Ci sono partite che passano alla storia non per il risultato, né per un gesto tecnico all'interno del campo, ma per lo spettacolo dagli spalti. Ci sono partite in cui i tifosi si fanno protagonisti persino più dei calciatori, rubando la scena ai campioni che si muovono all'interno del rettangolo verde. È il caso del 20 marzo 1985, quando allo Stadio Olimpico si gioca il ritorno dei quarti di finale di Coppa delle Coppe tra Roma e Bayern Monaco.

Quella partita, pur terminata con una sconfitta, è impressa come un marchio a fuoco nel cuore di tutti i tifosi romanisti. È la partita in cui, per l'ennesima volta, la Roma riceve dalla sua gente una dichiarazione d'amore incondizionato ed eterno. «Che sarà, sarà... Ovunque ti seguirem, ovunque ti sosterrem, che sarà, sarà...». È un canto che nasce ovviamente dalla Curva Sud, cuore pulsante del tifo giallorosso, ma che pian piano coinvolge tutto lo stadio. Sciarpe al cielo, si canta a pieni polmoni. La Roma allenata da Eriksson è sotto 1-0 e, dopo il ko per 2-0 in terra bavarese, l'eliminazione si fa sempre più concreta. Un gol di Lothar Matthaeus su rigore ha portato in vantaggio i tedeschi e i minuti passano: Pruzzo si fa male e all'intervallo è costretto a lasciare il campo, Cerezo e compagni non riescono a trovare il gol, ma il pubblico non può abbandonare la Roma. Ecco perché intorno al quarto d'ora della ripresa si alza un canto dai ragazzi del Cucs, sulle note della vecchia canzone resa celebre da Doris Day, Que serà serà (Whatever will be, will be): è un brano scritto quasi trent'anni prima per il film di Alfred Hitchcock L'uomo che sapeva troppo.

Noi ci saremo sempre, comunque andranno le cose: è questo il messaggio di quelle migliaia di persone che per mezz'ora fa da colonna sonora alla partita. Nela pareggia i conti, ma subito dopo Kogl riporta in vantaggio il Bayern Monaco: il canto va avanti, sembra quasi voglia durare in eterno, ben oltre il fischio finale del cecoslovacco Christov. Non è una resa, anzi, è l'esatto opposto. Quel «Che sarà, sarà...» era - e resta tuttora - l'abbattimento di qualsiasi barriera e di qualsiasi condizione all'amore per la Roma, è l'incapacità di concepire una vita senza quel sentimento, senza quel sacro fuoco che ti brucia dentro.

«Io sono rimasto sconvolto da quello che è successo all'Olimpico - dirà in seguito il tecnico del Bayern Monaco, Udo Lattek - In tanti anni di carriera non avevo mai visto una squadra che sta perdendo, che è eliminata dalla Coppa, sostenuta così dai propri tifosi.
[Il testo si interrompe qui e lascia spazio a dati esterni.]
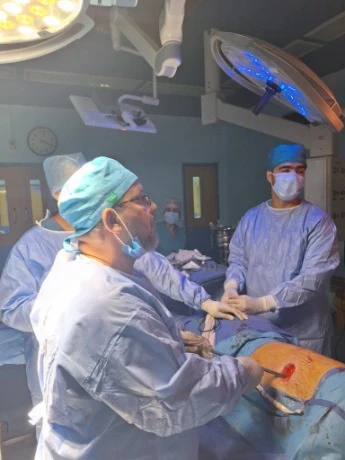 مستشفى اول نوفمبر يجري اول عملية وطنيا :  استئصال فص رئوي بتقنية VATS  عبر مدخل واحد  لفتاة من تلمسان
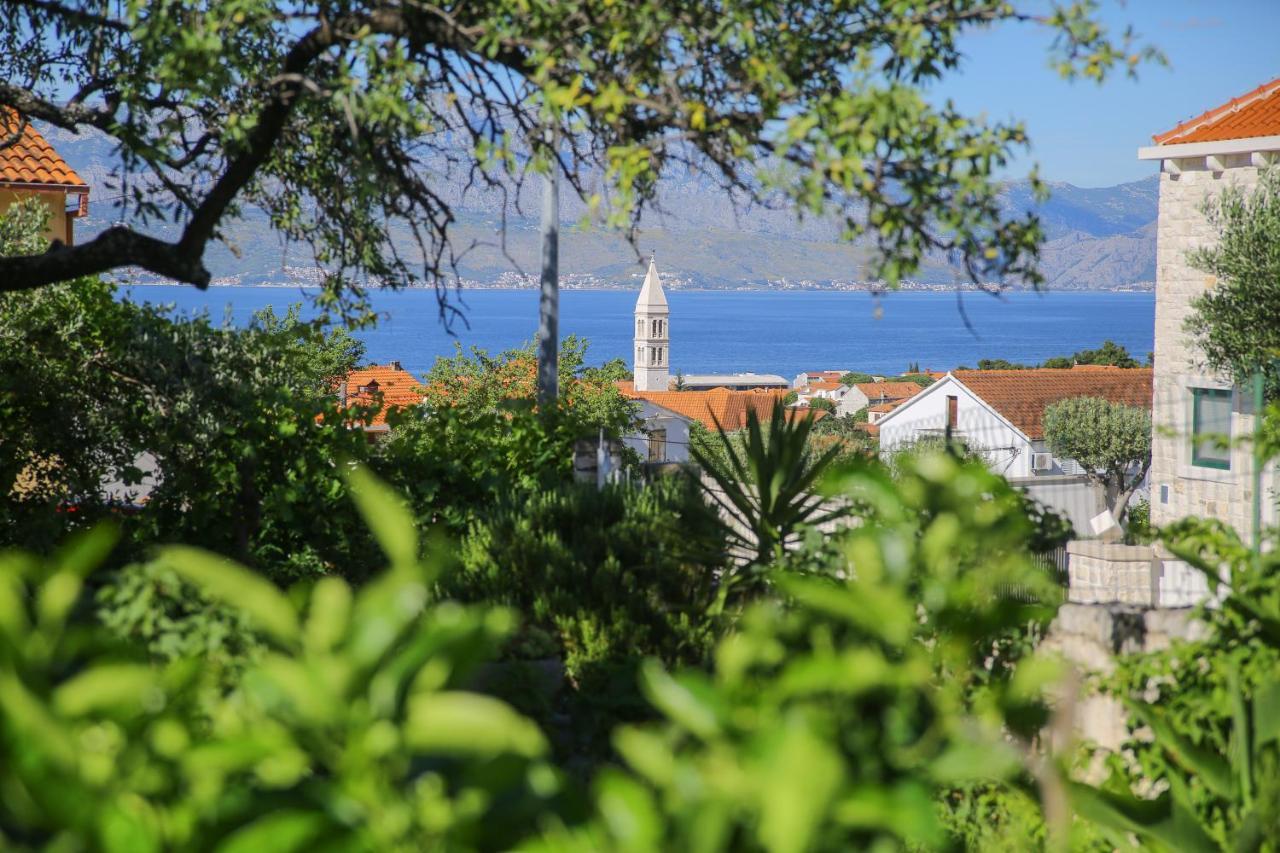 Artistic Summer House Marinovic With Garden&Bbq Supetar Buitenkant foto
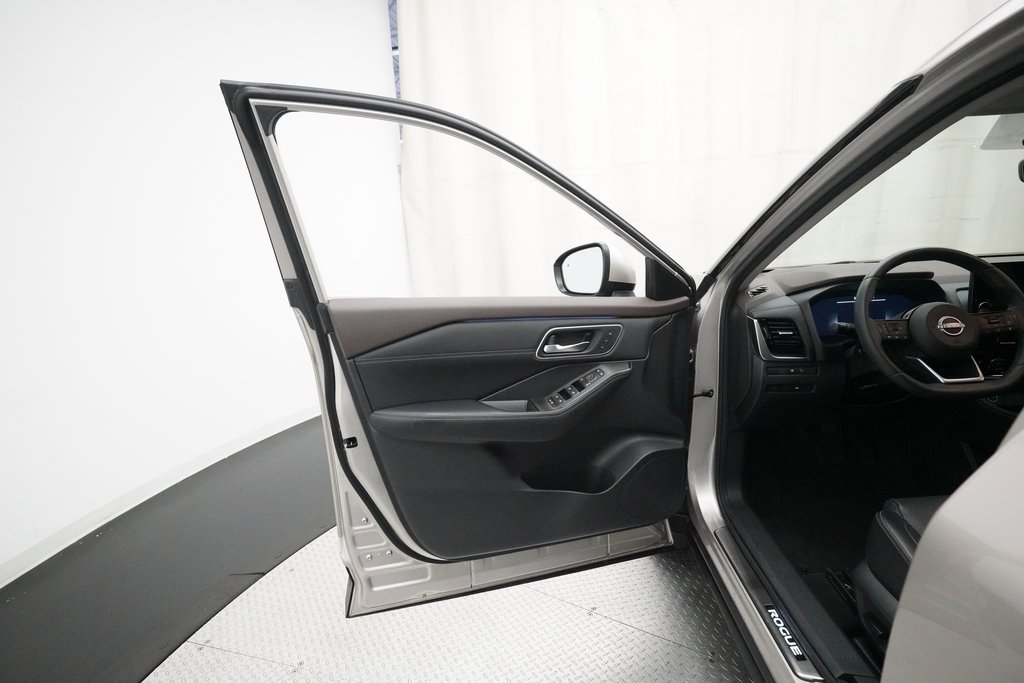 Certified 2023 Nissan Rogue Platinum w/ Platinum Premium Package image 28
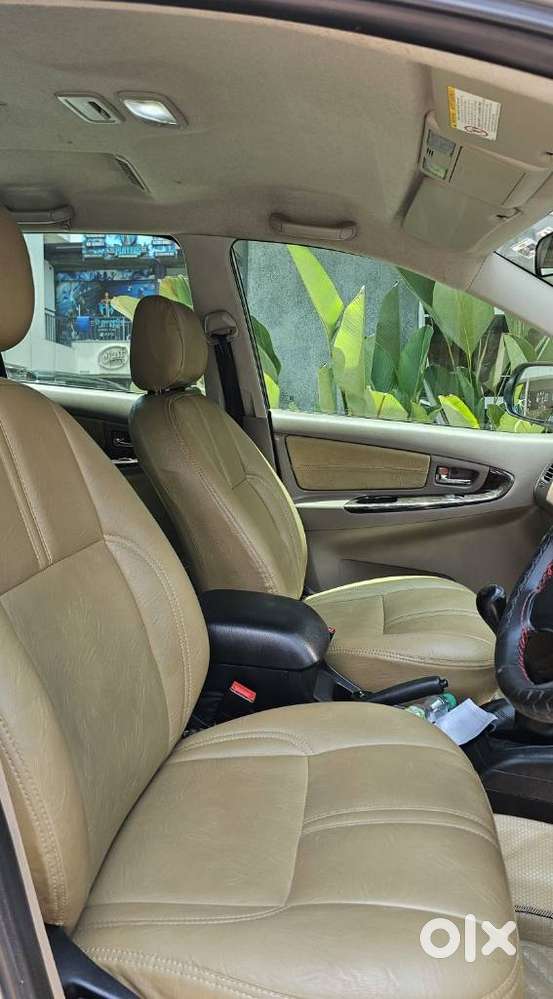 Toyota Innova 2.5 Vx 7 Seater Bs Iv, 2016, Diesel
Semplicemente meraviglioso. Vorrei poterlo avere io un pubblico del genere! In Germania una cosa del genere non sarebbe mai e poi mai accaduta. Che spettacolo! Quasi mi sono emozionato». Gli farà eco anche il centrocampista Soren Lerby: «È stata una cosa entusiasmante, lo spettacolo di folla più bello e più vero che io abbia mai visto: non lo scorderò mai. Sono gli italiani i veri, grandi tifosi di calcio, ed io sono orgoglioso di avere giocato e vinto davanti alla gente della Roma. Mi hanno commosso e invidio i giocatori giallorossi per questo». C'è un detto secondo cui ricevere gli onori dell'avversario sia il riconoscimento migliore che si possa avere. Ma il punto è proprio questo: i riconoscimenti lasciano il tempo che trovano, anzi, proprio non interessano, quando hai un amore del genere. Perché è tutto ciò di cui hai bisogno.